Take the data below and extract the lines from the one with "Two early 20th" to the one with "1299 Williams Dr, Shrub", inclusive, exactly as written.

◆ Entries taken from a collection:

============================================================

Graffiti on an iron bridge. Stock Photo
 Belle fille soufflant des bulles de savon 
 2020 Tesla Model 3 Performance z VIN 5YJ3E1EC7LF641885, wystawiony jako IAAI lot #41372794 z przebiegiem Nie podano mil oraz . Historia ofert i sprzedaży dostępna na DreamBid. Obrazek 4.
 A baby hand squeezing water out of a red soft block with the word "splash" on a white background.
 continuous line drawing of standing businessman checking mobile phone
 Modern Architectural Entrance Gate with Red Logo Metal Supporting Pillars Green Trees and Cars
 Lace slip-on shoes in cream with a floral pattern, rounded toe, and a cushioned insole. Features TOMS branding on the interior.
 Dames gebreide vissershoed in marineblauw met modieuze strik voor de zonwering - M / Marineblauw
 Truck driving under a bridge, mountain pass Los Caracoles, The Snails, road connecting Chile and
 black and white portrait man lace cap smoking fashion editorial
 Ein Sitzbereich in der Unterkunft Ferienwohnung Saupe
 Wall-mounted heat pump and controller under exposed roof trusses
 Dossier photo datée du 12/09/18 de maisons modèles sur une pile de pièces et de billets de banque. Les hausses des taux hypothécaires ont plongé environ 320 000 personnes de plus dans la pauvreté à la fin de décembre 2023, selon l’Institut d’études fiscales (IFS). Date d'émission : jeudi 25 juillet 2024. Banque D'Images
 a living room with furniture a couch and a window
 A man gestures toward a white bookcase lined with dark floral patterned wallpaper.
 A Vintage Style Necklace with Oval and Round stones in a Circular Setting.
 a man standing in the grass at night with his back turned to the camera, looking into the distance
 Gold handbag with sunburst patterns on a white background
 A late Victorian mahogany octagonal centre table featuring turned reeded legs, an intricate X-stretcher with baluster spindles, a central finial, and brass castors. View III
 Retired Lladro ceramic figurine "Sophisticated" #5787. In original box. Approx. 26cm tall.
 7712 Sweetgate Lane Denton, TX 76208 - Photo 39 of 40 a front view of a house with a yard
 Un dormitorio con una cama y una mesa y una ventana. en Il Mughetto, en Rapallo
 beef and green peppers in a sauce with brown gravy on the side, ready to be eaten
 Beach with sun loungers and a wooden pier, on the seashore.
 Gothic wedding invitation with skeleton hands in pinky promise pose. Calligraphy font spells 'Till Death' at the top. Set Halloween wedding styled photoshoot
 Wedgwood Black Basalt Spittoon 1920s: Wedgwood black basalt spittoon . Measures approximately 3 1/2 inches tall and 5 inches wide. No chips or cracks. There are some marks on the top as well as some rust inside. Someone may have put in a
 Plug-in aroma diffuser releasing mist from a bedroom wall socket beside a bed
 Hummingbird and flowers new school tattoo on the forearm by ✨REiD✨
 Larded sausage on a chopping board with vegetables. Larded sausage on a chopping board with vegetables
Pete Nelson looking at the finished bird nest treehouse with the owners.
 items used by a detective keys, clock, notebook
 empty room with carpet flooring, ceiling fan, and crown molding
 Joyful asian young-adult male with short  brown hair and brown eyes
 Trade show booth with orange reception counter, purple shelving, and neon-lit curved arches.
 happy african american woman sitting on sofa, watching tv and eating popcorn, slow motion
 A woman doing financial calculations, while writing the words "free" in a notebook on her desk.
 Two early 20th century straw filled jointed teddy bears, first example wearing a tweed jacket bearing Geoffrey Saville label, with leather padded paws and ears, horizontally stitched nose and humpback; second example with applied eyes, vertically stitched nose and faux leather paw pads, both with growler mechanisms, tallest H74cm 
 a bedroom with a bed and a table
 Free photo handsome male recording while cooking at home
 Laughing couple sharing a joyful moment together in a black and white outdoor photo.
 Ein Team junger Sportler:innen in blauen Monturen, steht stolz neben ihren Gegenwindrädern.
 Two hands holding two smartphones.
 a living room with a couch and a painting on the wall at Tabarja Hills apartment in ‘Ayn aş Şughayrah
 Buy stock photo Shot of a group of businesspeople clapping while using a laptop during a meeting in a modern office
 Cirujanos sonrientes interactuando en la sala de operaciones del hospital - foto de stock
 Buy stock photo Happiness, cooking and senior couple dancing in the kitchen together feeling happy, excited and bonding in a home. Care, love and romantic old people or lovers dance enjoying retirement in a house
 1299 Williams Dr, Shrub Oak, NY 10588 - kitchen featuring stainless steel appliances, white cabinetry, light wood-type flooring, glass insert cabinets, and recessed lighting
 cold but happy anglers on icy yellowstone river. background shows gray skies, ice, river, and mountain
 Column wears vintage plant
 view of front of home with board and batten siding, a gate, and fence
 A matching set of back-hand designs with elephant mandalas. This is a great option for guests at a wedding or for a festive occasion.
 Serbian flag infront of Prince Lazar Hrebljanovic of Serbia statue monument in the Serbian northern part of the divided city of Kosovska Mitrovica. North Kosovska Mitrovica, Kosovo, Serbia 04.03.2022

============================================================

◆ Output of the exercise:
 Two early 20th century straw filled jointed teddy bears, first example wearing a tweed jacket bearing Geoffrey Saville label, with leather padded paws and ears, horizontally stitched nose and humpback; second example with applied eyes, vertically stitched nose and faux leather paw pads, both with growler mechanisms, tallest H74cm 
 a bedroom with a bed and a table
 Free photo handsome male recording while cooking at home
 Laughing couple sharing a joyful moment together in a black and white outdoor photo.
 Ein Team junger Sportler:innen in blauen Monturen, steht stolz neben ihren Gegenwindrädern.
 Two hands holding two smartphones.
 a living room with a couch and a painting on the wall at Tabarja Hills apartment in ‘Ayn aş Şughayrah
 Buy stock photo Shot of a group of businesspeople clapping while using a laptop during a meeting in a modern office
 Cirujanos sonrientes interactuando en la sala de operaciones del hospital - foto de stock
 Buy stock photo Happiness, cooking and senior couple dancing in the kitchen together feeling happy, excited and bonding in a home. Care, love and romantic old people or lovers dance enjoying retirement in a house
 1299 Williams Dr, Shrub Oak, NY 10588 - kitchen featuring stainless steel appliances, white cabinetry, light wood-type flooring, glass insert cabinets, and recessed lighting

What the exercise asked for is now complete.